» PROVIDED MATERIAL
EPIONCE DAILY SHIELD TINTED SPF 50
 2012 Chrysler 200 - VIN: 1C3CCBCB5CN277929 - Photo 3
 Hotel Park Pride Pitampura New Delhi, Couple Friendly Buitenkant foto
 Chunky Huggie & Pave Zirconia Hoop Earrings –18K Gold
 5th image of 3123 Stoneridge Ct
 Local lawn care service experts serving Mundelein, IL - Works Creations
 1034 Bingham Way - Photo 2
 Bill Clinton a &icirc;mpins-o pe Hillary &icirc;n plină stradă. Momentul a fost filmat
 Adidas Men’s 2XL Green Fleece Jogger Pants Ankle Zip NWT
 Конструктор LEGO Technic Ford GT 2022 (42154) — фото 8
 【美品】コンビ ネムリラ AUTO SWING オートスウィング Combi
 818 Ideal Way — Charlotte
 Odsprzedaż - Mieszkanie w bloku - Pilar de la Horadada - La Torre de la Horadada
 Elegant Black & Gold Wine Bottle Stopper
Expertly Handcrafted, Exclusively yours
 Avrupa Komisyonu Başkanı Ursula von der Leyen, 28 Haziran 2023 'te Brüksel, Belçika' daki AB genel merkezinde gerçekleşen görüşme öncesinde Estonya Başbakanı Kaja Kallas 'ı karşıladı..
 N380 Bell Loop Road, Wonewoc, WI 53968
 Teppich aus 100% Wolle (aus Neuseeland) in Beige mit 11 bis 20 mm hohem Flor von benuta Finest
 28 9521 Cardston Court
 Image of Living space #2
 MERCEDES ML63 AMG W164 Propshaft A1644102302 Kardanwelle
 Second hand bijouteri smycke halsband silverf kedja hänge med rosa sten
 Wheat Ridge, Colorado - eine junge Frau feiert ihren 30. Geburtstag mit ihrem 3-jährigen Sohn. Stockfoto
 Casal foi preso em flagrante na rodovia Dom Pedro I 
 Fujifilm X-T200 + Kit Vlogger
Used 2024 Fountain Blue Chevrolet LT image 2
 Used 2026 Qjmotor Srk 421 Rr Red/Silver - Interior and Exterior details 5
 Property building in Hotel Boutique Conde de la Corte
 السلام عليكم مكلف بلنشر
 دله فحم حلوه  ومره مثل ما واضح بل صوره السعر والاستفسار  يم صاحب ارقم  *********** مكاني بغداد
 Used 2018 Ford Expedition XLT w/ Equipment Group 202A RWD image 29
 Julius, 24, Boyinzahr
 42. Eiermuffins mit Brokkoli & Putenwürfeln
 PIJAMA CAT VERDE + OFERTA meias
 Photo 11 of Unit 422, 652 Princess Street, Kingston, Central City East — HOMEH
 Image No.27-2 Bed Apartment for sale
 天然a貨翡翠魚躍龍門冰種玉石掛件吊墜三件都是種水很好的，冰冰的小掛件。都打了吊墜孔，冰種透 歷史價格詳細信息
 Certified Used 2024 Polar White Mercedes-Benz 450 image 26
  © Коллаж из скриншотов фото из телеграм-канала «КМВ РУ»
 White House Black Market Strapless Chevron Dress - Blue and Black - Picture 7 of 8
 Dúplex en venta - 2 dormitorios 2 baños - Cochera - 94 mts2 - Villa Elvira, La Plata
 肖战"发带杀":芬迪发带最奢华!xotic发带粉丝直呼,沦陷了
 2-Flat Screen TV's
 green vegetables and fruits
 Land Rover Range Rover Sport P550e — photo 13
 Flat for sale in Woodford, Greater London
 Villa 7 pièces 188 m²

» TASK ITEM
The entire listing should be repeated with no line missing and no word altered.

» RESULT OF THIS TASK
EPIONCE DAILY SHIELD TINTED SPF 50
 2012 Chrysler 200 - VIN: 1C3CCBCB5CN277929 - Photo 3
 Hotel Park Pride Pitampura New Delhi, Couple Friendly Buitenkant foto
 Chunky Huggie & Pave Zirconia Hoop Earrings –18K Gold
 5th image of 3123 Stoneridge Ct
 Local lawn care service experts serving Mundelein, IL - Works Creations
 1034 Bingham Way - Photo 2
 Bill Clinton a &icirc;mpins-o pe Hillary &icirc;n plină stradă. Momentul a fost filmat
 Adidas Men’s 2XL Green Fleece Jogger Pants Ankle Zip NWT
 Конструктор LEGO Technic Ford GT 2022 (42154) — фото 8
 【美品】コンビ ネムリラ AUTO SWING オートスウィング Combi
 818 Ideal Way — Charlotte
 Odsprzedaż - Mieszkanie w bloku - Pilar de la Horadada - La Torre de la Horadada
 Elegant Black & Gold Wine Bottle Stopper
Expertly Handcrafted, Exclusively yours
 Avrupa Komisyonu Başkanı Ursula von der Leyen, 28 Haziran 2023 'te Brüksel, Belçika' daki AB genel merkezinde gerçekleşen görüşme öncesinde Estonya Başbakanı Kaja Kallas 'ı karşıladı..
 N380 Bell Loop Road, Wonewoc, WI 53968
 Teppich aus 100% Wolle (aus Neuseeland) in Beige mit 11 bis 20 mm hohem Flor von benuta Finest
 28 9521 Cardston Court
 Image of Living space #2
 MERCEDES ML63 AMG W164 Propshaft A1644102302 Kardanwelle
 Second hand bijouteri smycke halsband silverf kedja hänge med rosa sten
 Wheat Ridge, Colorado - eine junge Frau feiert ihren 30. Geburtstag mit ihrem 3-jährigen Sohn. Stockfoto
 Casal foi preso em flagrante na rodovia Dom Pedro I 
 Fujifilm X-T200 + Kit Vlogger
Used 2024 Fountain Blue Chevrolet LT image 2
 Used 2026 Qjmotor Srk 421 Rr Red/Silver - Interior and Exterior details 5
 Property building in Hotel Boutique Conde de la Corte
 السلام عليكم مكلف بلنشر
 دله فحم حلوه  ومره مثل ما واضح بل صوره السعر والاستفسار  يم صاحب ارقم  *********** مكاني بغداد
 Used 2018 Ford Expedition XLT w/ Equipment Group 202A RWD image 29
 Julius, 24, Boyinzahr
 42. Eiermuffins mit Brokkoli & Putenwürfeln
 PIJAMA CAT VERDE + OFERTA meias
 Photo 11 of Unit 422, 652 Princess Street, Kingston, Central City East — HOMEH
 Image No.27-2 Bed Apartment for sale
 天然a貨翡翠魚躍龍門冰種玉石掛件吊墜三件都是種水很好的，冰冰的小掛件。都打了吊墜孔，冰種透 歷史價格詳細信息
 Certified Used 2024 Polar White Mercedes-Benz 450 image 26
  © Коллаж из скриншотов фото из телеграм-канала «КМВ РУ»
 White House Black Market Strapless Chevron Dress - Blue and Black - Picture 7 of 8
 Dúplex en venta - 2 dormitorios 2 baños - Cochera - 94 mts2 - Villa Elvira, La Plata
 肖战"发带杀":芬迪发带最奢华!xotic发带粉丝直呼,沦陷了
 2-Flat Screen TV's
 green vegetables and fruits
 Land Rover Range Rover Sport P550e — photo 13
 Flat for sale in Woodford, Greater London
 Villa 7 pièces 188 m²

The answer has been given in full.